§ TASK
What you return should be each line of the data containing the string "Black".

PROVIDED MATERIAL: Begin

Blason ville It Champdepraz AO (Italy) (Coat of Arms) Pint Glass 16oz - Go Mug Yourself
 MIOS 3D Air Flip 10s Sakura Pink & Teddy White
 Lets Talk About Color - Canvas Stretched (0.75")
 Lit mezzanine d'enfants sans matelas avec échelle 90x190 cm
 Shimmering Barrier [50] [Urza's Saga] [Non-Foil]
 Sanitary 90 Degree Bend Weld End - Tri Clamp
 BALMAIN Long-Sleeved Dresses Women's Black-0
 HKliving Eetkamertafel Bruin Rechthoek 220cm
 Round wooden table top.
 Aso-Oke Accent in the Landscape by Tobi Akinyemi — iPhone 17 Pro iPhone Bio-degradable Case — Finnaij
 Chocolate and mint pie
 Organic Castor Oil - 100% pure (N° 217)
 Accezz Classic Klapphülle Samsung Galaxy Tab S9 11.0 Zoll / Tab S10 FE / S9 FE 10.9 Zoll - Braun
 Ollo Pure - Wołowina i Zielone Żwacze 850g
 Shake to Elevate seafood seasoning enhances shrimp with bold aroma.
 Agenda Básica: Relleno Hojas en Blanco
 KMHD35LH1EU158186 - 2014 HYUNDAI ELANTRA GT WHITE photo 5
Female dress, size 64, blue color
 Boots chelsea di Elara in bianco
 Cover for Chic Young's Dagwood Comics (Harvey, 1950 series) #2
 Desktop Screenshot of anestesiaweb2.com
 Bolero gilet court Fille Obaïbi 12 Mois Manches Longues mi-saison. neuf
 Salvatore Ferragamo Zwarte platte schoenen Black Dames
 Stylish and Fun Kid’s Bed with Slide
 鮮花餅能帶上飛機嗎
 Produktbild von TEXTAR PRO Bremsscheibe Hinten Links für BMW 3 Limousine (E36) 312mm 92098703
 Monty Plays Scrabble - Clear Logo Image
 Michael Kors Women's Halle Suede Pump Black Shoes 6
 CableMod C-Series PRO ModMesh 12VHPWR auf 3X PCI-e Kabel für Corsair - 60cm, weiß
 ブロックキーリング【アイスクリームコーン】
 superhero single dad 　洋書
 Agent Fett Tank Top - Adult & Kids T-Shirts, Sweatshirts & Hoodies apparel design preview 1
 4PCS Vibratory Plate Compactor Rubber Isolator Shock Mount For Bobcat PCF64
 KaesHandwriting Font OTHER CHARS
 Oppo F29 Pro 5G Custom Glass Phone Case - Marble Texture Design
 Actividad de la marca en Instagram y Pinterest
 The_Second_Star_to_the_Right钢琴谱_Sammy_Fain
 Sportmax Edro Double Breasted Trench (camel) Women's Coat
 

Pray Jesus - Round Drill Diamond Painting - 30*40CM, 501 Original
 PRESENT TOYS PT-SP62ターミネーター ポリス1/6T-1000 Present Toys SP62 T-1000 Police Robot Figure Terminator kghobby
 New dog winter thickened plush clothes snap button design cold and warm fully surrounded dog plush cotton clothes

PROVIDED MATERIAL: End

§ EXERCISE OUTPUT
 BALMAIN Long-Sleeved Dresses Women's Black-0
 Salvatore Ferragamo Zwarte platte schoenen Black Dames
 Michael Kors Women's Halle Suede Pump Black Shoes 6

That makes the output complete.